One type of prior art seam commonly used to form the envelope of most airships is a butt-joint seam, generally referred to by the numeral 10 as shown in FIG. 1 of the drawings. The butt joint seam 10 has been found to have acceptable durability, and resiliency to accommodate the operating requirements of the airship. The butt-joint seam 10 is formed by providing at least a first and a second opposed sections of fabric 12 and 14, having opposed edges that are positioned adjacent one another so that they abut or so that they are slightly spaced apart so as to form a joint area 15. Alternatively, the fabric edges 12 and 14 may slightly overlap one another to form the joint area 15, however such arrangement is typically avoided. Each of the fabric sections 12 and 14 may be comprised of a straight ply 18A,18B and a barrier ply 16A,16B that are adhesively laminated together. As used herein, the A suffixes are associated with fabric section 12 and the B suffixes are associated with fabric section 14. When incorporated into the airship, the straight plies 18A,18B face the interior volume of the envelope, while the barrier ply 16A,16B face the external environment. Moreover, each of the fabric sections 12,14 provide an outer and an inner bonding surface 20 and 22 respectively. The fabric sections 12 and 14 are joined using an adhesive carrying cover tape 24 and an adhesive carrying seam tape 26, which are adhesively laminated to the outer bonding surface 20 and the inner bonding surface 22 respectively. In other words, the cover tape 24 is adhesively disposed upon the outer surface 20, while the seam tape 26 is applied to the inner surface 22 in a laminated manner. The seam tape 26 distributes loads resulting from forces applied to the seam 10, while the cover tape 24 is provided to protect the exposed edges of the straight plies 18A,18B and the barrier plies 16A,16B in the joint area 15 from environmental forces, such as UV radiation, while enhancing the lifting gas retention properties of the envelope. Moreover, the outer surface 20 of the barrier plies 16A,16B, and the cover tape 24 maintain an aluminum coating that serves to reduce the permeability of the lifting gas through the seam 10, and the fabric sections 12,14 that make up the envelope of the airship.
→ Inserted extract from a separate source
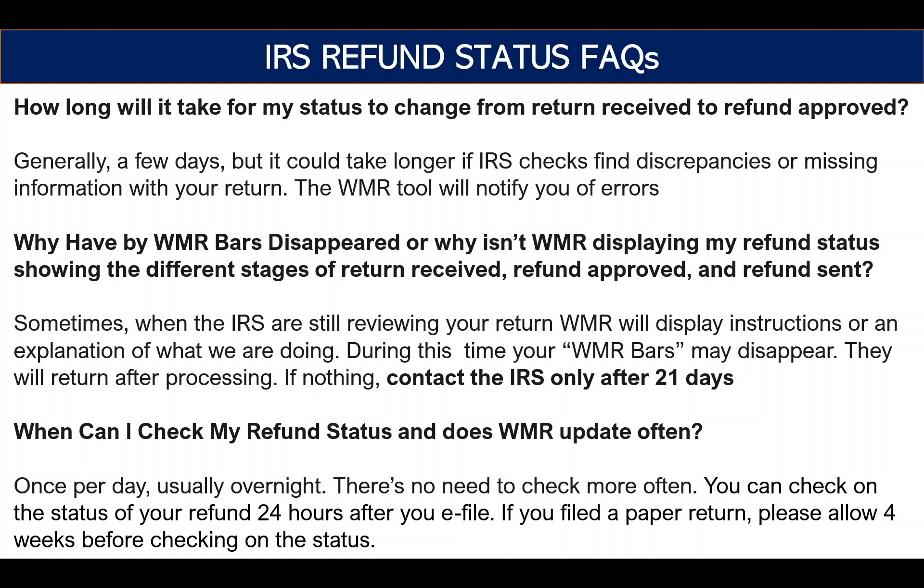There's no need to check more often. All this information is from the IRS site. You have to wait 24 hours after filing before you can see your status. With a paper return, it takes up to four weeks before you'll see the status. Again, this is a push to do electronic returns where you can.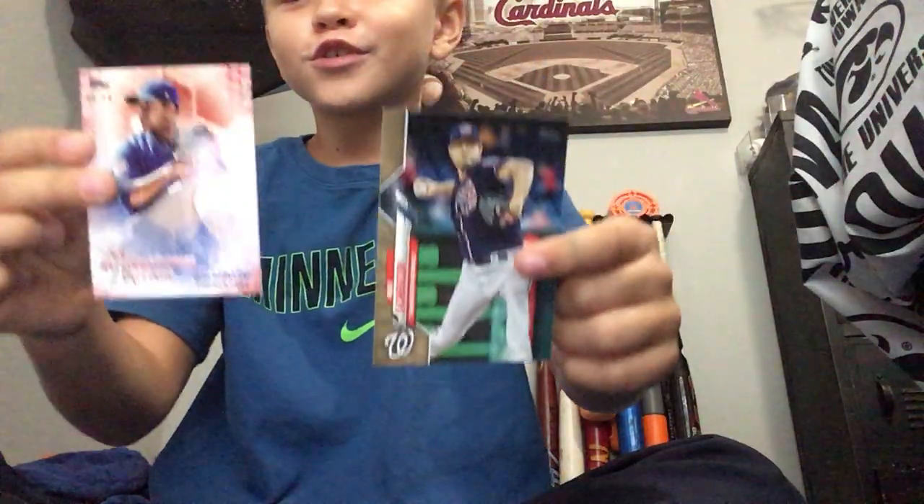Jose Quintana and Max Scherzer - those are the best pulls. Really, thanks for watching guys, hope you enjoyed the video. Smash that like button and don't forget to subscribe. See you next time!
While the butt-seam 10 discussed above utilizes a single seam tape 26, it is advantageous to further increase the strength and durability of the seam 10. One manner to achieve this increased strength, is by replacing the cover tape 24 with another section of seam tape 26, to form a double tape butt joint seam. Unfortunately, the utilization of a second seam tape 26 upon the barrier plies 16A,16B would not add any appreciable strength to the seam 10, as the barrier plies 16A,16B to which the second seam tape would be attached is not a load carrying member of the seam 10 in the principal load carrying directions (hoop and axial) of the airship. Therefore, a designer of an airship using conventional seam arrangements is generally limited to the strength achieved by use of a butt joint that utilizes a single seam tape 26.
Additionally, when the butt-seam 10 is used to join large sections of fabric as in the formation of the airship envelope, significant amounts of seamed area are generated, which due to the use of the structural tape 26, and cover tape 24, imparts unwanted weight to the airship. Further, because the seam tape 26 of the butt-seam 10 is only applied to the inner surface 22 of the fabric sections 12,14 when the butt-seam 10 is formed, loads applied to the seam 10 are distributed across the inner surface of the seam in an unbalanced manner. In addition, because of the unbalanced distribution, the surface of the butt-seam 10 generates stress concentrations, without providing backup for flaws that may exist in the adhesion interface between the joined fabric sections 12,14 about the joint 15.
Therefore, there is a need for a splice seam that does not utilize a seam tape or a cover tape, or eliminates just the cover tape so as to reduce the weight of the seam. Additionally, there is a need for a splice seam that is able to distribute forces from an applied load uniformly across the joint of the splice seam. Furthermore, there is a need for a splice seam that has reduced stress concentrations when a load is applied thereto. Still yet, there is a need for a splice seam that has reduced helium permeability.